The Boston Tea Party – one of the two or three most significant events of the American Revolution – was no party at all. Instead, it was a confronting and provocative attack on the property of the British East India Company. Massachusetts was whipped up into an anti-taxation frenzy after the passing of the Tea Act. The first tea-bearing ship, HMS Dartmouth, arrived in Boston Harbour in late November and dropped anchor. Samuel Adams and the so-called Sons of Liberty convened dozens of town meetings, drawing hundreds of people both from Boston and the surrounding counties. They summoned royal officials, merchants and even the ship’s owner, Rotch, to these meetings and effectively gave them ultimatums about not unloading the tea. Gangs kept watch on the docks to ensure that the orders of the meetings were not disobeyed. Thomas Hutchinson – a victim of the mob in 1765 but by now promoted to royal governor – worked busily to comply with British policy and to bring the tea ashore. It was a tense and imminent stand-off between the rebellious mob and officers of the Crown.

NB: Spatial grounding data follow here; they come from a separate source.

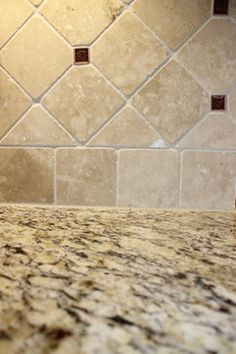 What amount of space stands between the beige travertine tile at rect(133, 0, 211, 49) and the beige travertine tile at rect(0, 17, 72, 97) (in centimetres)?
21

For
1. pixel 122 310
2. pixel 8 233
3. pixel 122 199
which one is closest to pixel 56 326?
pixel 122 310

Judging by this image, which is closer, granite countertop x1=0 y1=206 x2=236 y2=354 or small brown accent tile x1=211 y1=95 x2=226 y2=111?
granite countertop x1=0 y1=206 x2=236 y2=354

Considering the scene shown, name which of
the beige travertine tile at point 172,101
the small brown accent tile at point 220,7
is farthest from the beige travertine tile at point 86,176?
the small brown accent tile at point 220,7

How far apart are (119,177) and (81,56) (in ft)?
1.02

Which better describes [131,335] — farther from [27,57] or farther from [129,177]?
[27,57]

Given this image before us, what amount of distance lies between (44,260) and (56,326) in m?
0.12

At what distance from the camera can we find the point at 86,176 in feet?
2.56

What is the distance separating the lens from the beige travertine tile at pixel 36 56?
77cm

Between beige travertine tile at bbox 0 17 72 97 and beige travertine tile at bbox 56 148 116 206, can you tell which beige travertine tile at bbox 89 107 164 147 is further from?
beige travertine tile at bbox 0 17 72 97

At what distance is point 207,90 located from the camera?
29.0 inches

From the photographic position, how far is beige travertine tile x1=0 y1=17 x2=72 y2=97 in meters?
0.77

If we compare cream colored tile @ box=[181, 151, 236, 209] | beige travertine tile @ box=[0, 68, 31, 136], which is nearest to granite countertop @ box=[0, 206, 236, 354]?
cream colored tile @ box=[181, 151, 236, 209]

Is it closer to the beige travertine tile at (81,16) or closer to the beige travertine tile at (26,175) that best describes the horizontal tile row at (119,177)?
the beige travertine tile at (26,175)

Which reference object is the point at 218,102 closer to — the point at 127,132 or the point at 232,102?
the point at 232,102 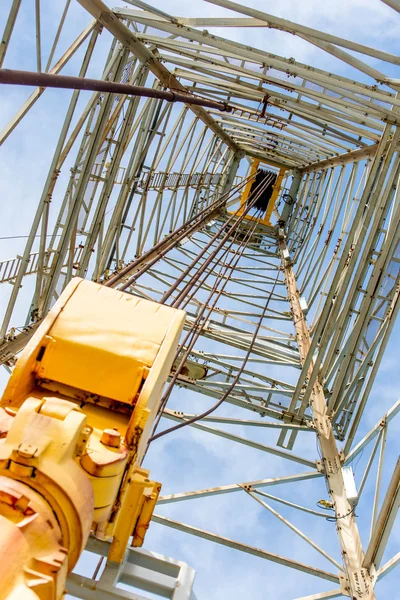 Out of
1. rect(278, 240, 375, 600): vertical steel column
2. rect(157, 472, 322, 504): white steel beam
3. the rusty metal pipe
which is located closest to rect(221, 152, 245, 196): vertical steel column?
rect(278, 240, 375, 600): vertical steel column

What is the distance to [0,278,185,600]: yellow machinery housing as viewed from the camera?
2.42 meters

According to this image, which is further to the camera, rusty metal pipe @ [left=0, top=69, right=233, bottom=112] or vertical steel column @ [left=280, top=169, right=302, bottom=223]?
vertical steel column @ [left=280, top=169, right=302, bottom=223]

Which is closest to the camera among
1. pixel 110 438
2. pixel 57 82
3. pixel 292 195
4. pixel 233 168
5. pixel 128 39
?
pixel 110 438

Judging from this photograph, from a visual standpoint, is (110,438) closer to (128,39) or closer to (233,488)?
(233,488)

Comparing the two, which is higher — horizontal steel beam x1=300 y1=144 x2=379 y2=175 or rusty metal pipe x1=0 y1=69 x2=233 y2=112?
horizontal steel beam x1=300 y1=144 x2=379 y2=175

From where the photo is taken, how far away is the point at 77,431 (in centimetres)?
279

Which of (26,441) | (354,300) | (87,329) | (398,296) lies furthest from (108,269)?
(26,441)

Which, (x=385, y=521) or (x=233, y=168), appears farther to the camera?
(x=233, y=168)

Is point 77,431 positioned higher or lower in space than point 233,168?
lower

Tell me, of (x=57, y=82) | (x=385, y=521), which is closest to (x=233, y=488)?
(x=385, y=521)

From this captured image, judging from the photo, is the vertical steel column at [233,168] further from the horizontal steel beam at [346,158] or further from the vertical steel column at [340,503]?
the vertical steel column at [340,503]

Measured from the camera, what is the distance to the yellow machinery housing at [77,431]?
7.93 feet

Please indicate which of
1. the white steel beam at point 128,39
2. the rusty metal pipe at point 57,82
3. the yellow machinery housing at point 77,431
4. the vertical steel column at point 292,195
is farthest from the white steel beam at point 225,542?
the vertical steel column at point 292,195

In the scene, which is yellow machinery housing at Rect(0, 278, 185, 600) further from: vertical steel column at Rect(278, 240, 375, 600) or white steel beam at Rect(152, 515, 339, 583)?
vertical steel column at Rect(278, 240, 375, 600) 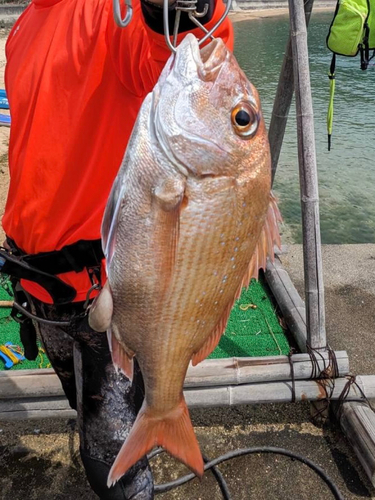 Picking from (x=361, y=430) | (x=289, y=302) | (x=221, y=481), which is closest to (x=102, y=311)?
(x=221, y=481)

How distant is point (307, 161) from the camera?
3488 millimetres

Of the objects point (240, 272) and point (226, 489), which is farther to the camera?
point (226, 489)

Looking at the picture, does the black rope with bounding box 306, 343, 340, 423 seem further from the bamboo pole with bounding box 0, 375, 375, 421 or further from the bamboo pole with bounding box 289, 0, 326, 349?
the bamboo pole with bounding box 289, 0, 326, 349

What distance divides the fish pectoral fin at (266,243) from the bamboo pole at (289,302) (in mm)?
2525

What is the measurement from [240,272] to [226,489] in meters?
2.13

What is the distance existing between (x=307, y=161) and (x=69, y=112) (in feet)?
7.19

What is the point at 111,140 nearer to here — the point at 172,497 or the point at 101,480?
the point at 101,480

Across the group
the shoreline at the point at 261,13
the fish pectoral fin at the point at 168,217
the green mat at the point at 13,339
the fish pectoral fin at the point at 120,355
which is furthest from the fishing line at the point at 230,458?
the shoreline at the point at 261,13

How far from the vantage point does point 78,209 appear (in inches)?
77.2

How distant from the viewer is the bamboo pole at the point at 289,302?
414 centimetres

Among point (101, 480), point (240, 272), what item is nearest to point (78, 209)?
point (240, 272)

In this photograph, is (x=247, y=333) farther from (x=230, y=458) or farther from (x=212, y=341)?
(x=212, y=341)

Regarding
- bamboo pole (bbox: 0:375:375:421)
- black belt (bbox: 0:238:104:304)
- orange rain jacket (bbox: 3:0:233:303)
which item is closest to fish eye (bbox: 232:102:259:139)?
orange rain jacket (bbox: 3:0:233:303)

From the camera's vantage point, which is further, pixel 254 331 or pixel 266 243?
pixel 254 331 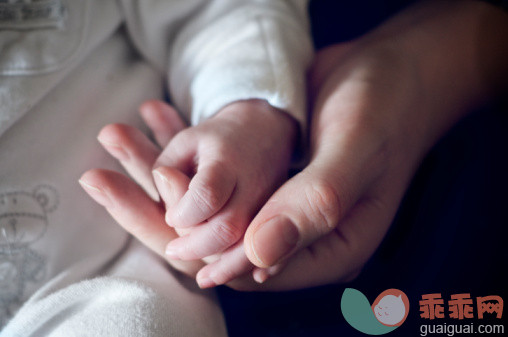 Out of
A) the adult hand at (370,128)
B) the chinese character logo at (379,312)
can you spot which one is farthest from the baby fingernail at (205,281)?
the chinese character logo at (379,312)

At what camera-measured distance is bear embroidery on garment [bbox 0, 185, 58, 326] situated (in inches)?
14.7

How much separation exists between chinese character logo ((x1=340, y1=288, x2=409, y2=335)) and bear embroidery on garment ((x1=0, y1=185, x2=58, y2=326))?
30 cm

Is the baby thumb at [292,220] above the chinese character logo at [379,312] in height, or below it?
above

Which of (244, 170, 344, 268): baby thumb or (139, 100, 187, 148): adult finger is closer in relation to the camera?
(244, 170, 344, 268): baby thumb

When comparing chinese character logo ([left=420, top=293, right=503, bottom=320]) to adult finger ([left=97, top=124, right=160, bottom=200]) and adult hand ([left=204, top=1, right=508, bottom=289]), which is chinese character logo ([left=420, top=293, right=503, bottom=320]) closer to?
adult hand ([left=204, top=1, right=508, bottom=289])

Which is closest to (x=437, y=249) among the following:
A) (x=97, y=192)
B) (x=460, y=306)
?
(x=460, y=306)

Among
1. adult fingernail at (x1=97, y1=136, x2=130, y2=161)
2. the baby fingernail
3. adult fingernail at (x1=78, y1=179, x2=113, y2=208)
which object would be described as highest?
adult fingernail at (x1=97, y1=136, x2=130, y2=161)

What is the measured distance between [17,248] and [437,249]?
0.40 metres

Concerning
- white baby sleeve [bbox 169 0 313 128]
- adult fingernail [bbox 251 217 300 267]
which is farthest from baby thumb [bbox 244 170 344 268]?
white baby sleeve [bbox 169 0 313 128]

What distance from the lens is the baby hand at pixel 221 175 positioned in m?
0.32

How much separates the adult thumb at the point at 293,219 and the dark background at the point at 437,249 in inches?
2.7

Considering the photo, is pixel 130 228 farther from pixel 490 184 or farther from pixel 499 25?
pixel 499 25

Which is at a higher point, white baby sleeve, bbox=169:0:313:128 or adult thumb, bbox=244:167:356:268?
white baby sleeve, bbox=169:0:313:128

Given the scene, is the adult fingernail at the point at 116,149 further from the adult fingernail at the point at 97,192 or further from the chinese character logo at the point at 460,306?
the chinese character logo at the point at 460,306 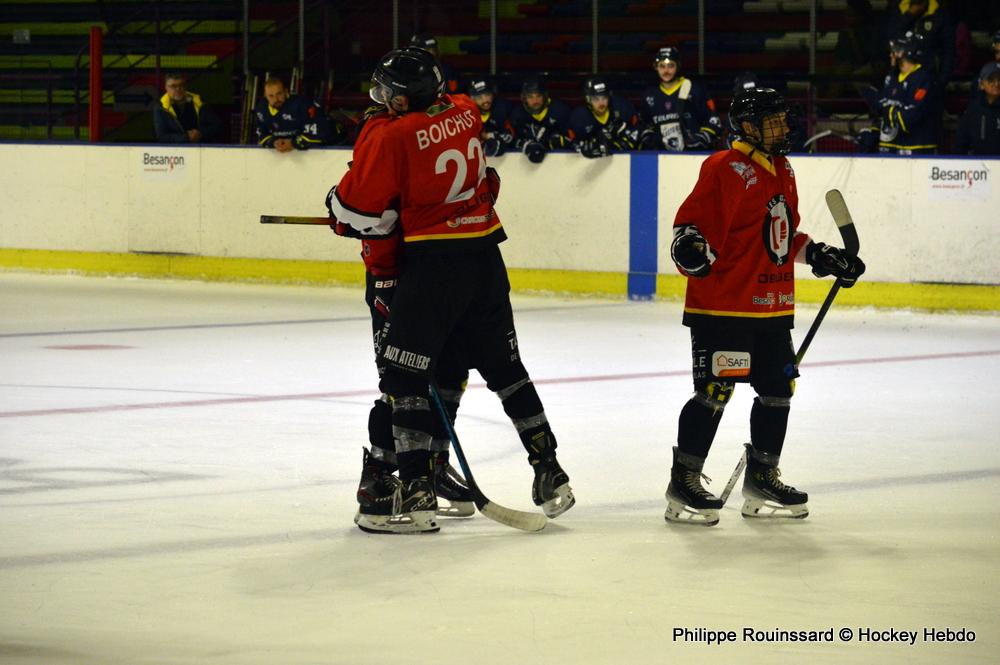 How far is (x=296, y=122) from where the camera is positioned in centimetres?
1445

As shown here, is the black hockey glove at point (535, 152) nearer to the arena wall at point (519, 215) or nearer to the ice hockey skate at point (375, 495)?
the arena wall at point (519, 215)

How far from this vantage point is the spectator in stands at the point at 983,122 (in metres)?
12.4

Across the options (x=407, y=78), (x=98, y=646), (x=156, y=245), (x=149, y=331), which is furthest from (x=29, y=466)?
(x=156, y=245)

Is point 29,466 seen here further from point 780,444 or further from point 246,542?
point 780,444

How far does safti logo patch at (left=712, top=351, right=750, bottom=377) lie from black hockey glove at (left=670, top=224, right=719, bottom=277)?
0.28 metres

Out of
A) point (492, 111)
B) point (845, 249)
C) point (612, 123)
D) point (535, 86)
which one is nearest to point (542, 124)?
point (535, 86)

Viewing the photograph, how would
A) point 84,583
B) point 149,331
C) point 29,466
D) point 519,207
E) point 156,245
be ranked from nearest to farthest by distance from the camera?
point 84,583
point 29,466
point 149,331
point 519,207
point 156,245

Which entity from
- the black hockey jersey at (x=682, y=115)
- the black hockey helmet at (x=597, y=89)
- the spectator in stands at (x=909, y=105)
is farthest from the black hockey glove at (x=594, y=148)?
the spectator in stands at (x=909, y=105)

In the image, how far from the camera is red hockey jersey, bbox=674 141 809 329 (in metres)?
5.49

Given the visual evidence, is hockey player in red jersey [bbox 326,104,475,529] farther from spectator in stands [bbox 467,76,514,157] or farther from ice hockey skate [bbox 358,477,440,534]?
spectator in stands [bbox 467,76,514,157]

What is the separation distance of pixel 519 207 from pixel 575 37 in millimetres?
4942

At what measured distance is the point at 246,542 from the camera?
16.8 ft

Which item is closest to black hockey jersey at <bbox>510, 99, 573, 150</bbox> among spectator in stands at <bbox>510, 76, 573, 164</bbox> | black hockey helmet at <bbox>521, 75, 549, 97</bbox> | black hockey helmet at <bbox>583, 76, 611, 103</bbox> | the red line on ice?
spectator in stands at <bbox>510, 76, 573, 164</bbox>

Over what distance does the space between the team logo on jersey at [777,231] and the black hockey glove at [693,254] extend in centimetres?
23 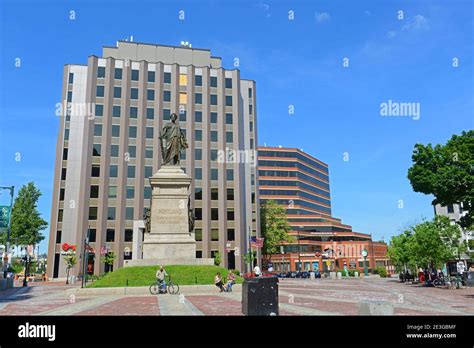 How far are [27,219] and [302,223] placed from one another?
69856 millimetres

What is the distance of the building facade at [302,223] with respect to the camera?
4157 inches

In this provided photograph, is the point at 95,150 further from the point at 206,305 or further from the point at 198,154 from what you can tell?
the point at 206,305

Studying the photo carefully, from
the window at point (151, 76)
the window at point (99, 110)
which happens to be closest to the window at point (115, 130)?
the window at point (99, 110)

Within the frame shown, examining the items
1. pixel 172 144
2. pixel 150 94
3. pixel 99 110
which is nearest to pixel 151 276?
pixel 172 144

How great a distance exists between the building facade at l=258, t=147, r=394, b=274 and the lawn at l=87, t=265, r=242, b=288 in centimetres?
7757

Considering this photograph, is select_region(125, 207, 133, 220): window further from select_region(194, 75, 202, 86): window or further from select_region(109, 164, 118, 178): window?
select_region(194, 75, 202, 86): window

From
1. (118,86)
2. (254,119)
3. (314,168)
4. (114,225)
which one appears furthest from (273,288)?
(314,168)

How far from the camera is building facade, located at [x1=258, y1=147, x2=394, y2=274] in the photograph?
105581mm

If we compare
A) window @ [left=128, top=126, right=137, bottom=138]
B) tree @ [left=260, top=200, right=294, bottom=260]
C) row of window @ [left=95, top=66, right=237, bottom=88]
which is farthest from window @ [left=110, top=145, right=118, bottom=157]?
tree @ [left=260, top=200, right=294, bottom=260]

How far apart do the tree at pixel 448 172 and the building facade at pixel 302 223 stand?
68.2 m

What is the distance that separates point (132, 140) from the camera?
68.1m

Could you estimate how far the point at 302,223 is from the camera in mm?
109812

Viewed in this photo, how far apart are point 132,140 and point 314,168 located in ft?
241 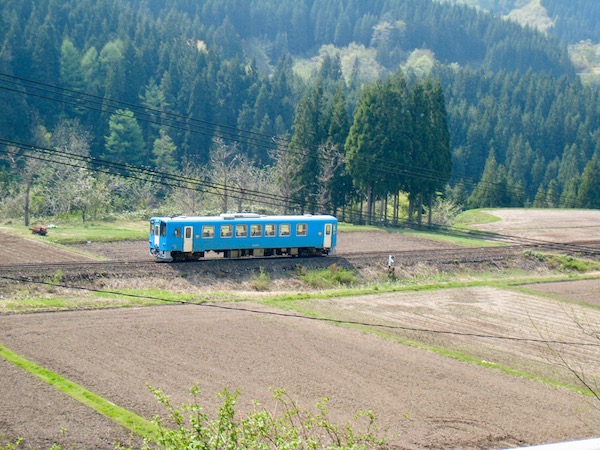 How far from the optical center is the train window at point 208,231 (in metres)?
41.8

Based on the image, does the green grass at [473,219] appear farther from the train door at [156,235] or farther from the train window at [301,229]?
the train door at [156,235]

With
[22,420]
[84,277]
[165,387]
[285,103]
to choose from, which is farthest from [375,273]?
[285,103]

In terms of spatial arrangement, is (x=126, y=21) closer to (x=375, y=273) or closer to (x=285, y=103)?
(x=285, y=103)

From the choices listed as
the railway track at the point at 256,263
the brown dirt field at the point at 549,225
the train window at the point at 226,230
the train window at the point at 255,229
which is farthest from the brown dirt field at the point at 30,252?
the brown dirt field at the point at 549,225

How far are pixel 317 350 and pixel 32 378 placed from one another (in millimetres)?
8991

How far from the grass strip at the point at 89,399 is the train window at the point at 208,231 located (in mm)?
17484

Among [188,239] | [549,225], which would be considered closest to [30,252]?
[188,239]

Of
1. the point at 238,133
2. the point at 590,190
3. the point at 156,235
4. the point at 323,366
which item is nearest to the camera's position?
the point at 323,366

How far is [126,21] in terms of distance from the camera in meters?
133

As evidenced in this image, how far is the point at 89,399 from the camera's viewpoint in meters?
20.8

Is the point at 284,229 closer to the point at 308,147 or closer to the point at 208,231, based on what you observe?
the point at 208,231

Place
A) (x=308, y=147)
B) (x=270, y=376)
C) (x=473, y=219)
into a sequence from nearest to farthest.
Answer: (x=270, y=376) → (x=308, y=147) → (x=473, y=219)

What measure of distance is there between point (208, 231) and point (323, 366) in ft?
58.5

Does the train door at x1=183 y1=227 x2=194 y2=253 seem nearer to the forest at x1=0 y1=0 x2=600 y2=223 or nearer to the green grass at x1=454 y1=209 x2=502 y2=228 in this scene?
the forest at x1=0 y1=0 x2=600 y2=223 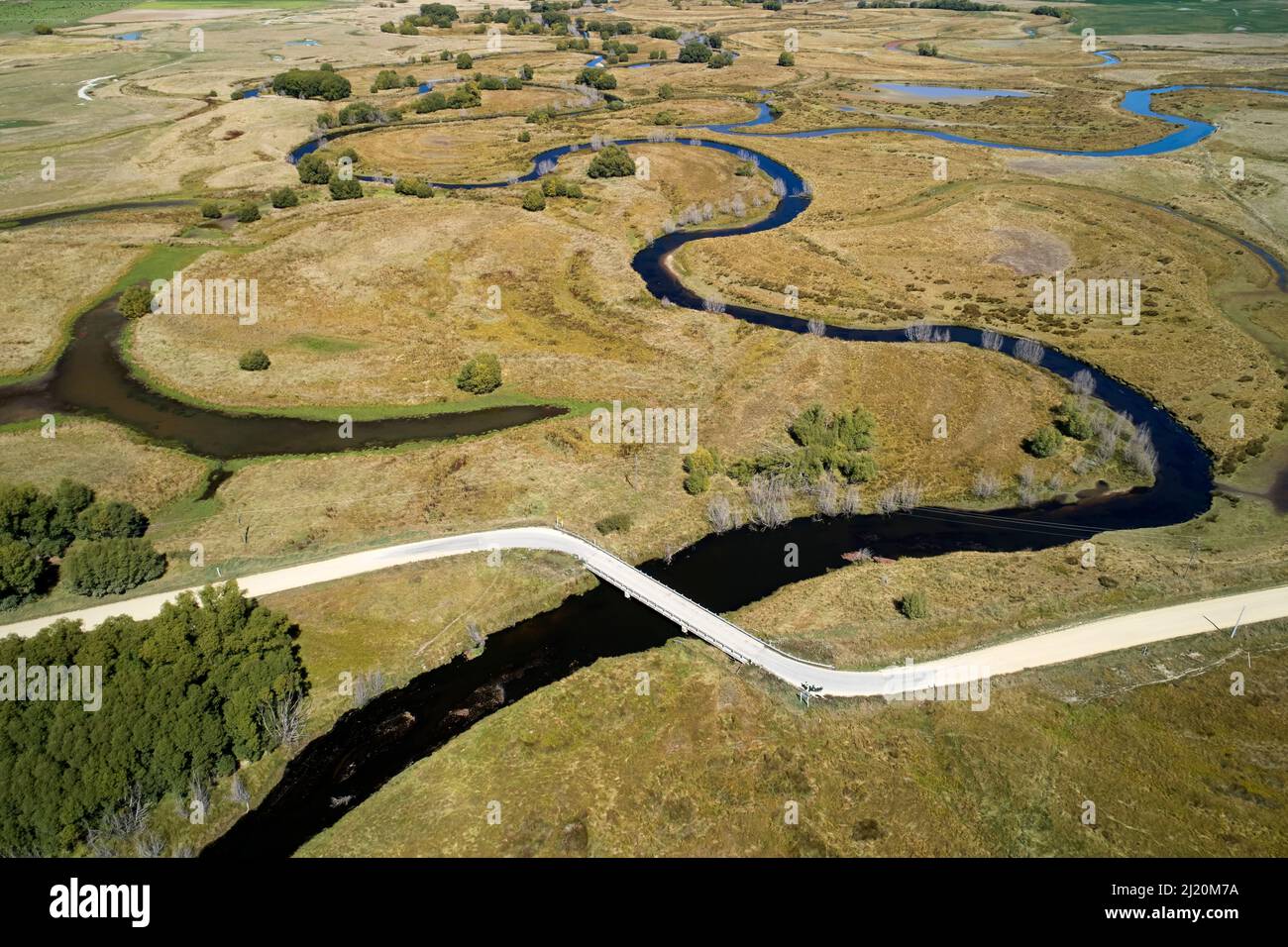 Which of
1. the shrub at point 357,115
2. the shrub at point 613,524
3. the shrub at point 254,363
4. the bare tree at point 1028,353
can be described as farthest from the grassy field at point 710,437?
the shrub at point 357,115

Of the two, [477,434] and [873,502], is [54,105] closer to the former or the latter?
[477,434]

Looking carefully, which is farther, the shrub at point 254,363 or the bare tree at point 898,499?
the shrub at point 254,363

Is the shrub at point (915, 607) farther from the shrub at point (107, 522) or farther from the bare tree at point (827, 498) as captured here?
the shrub at point (107, 522)

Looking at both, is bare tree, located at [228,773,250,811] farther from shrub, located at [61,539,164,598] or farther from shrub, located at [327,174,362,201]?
shrub, located at [327,174,362,201]

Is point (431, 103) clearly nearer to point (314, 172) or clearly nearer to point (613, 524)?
point (314, 172)

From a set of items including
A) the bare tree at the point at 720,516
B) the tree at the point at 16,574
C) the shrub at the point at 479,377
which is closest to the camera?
the tree at the point at 16,574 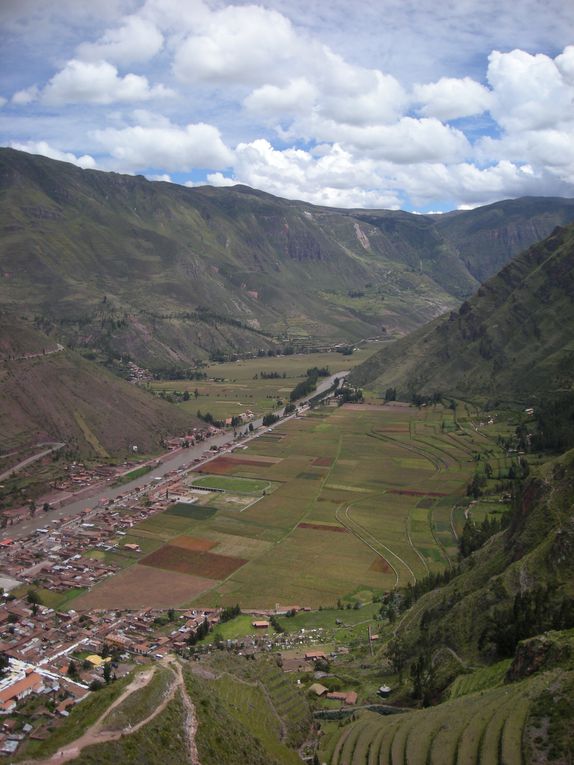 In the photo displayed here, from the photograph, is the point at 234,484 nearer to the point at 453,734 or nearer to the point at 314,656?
the point at 314,656

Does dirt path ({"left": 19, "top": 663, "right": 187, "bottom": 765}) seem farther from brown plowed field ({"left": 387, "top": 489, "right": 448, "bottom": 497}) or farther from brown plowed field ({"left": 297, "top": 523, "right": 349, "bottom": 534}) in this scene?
brown plowed field ({"left": 387, "top": 489, "right": 448, "bottom": 497})

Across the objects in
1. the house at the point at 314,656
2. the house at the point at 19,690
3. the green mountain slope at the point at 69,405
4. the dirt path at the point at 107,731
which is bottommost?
the house at the point at 314,656

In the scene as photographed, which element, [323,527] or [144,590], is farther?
[323,527]

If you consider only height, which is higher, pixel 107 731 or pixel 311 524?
pixel 107 731

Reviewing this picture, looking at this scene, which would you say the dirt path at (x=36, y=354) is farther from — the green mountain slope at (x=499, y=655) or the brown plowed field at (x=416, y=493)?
the green mountain slope at (x=499, y=655)

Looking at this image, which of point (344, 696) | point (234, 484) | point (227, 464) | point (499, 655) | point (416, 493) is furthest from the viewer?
point (227, 464)

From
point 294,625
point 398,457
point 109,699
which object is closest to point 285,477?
point 398,457

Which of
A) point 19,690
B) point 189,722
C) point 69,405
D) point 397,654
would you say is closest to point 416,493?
point 397,654

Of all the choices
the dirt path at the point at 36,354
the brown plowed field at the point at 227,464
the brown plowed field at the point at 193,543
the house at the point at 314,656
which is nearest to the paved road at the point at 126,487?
the brown plowed field at the point at 227,464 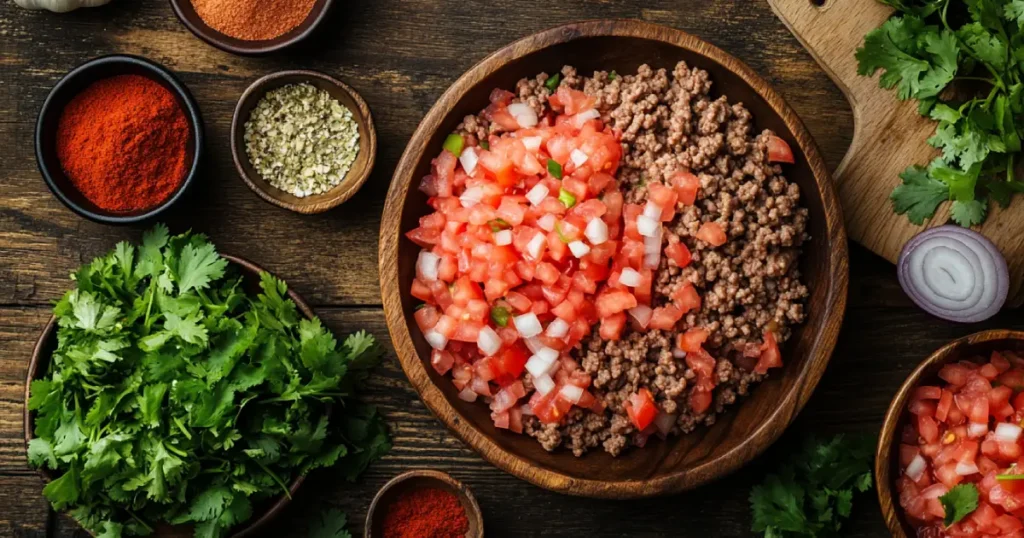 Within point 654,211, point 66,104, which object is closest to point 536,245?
point 654,211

By law, the Dartmouth had to unload its cargo within 20 days of arriving in port – and on December 16 that deadline was due to expire. By this time the Dartmouth had been joined by two more tea-carrying ships: the HMS Eleanour and the HMS Beaver. Adams called yet another town meeting, this one by far the largest with more than 6,000 people in attendance. After dusk, a band of men (their number is unknown but they were, from reports, dressed as native Americans) slinked towards Griffin’s Wharf, where the three British ships were resting. The vessels were boarded, the holds broken into and chests of tea were raised to the deck (so efficiently that some of the intruders must have been dockyard workers). Most reports suggest that 342 crates of tea, weighing about 45 tons and worth more than ?10,000, was thrown into the shallow water and grey mud of the harbour. All this was done reasonably quietly so as not to alert attention from soldiers or officials, and there was virtually no other violence or destruction, save for one broken padlock. Despite some artistic representations of the ‘Tea Party’ there were no large crowds lining the harbour, cheering on the perpetrators.
Viewed in isolation, the Boston Tea Party – an act of criminal vandalism on private property, rather than political terrorism – does not seem so significant. Coming as it did after a decade of colonial defiance of British policy, it would be too much to bear for the parliament in London. It was a pivotal example of gesture politics which would force Westminster to take the sterner action many of its hardliners had been calling for.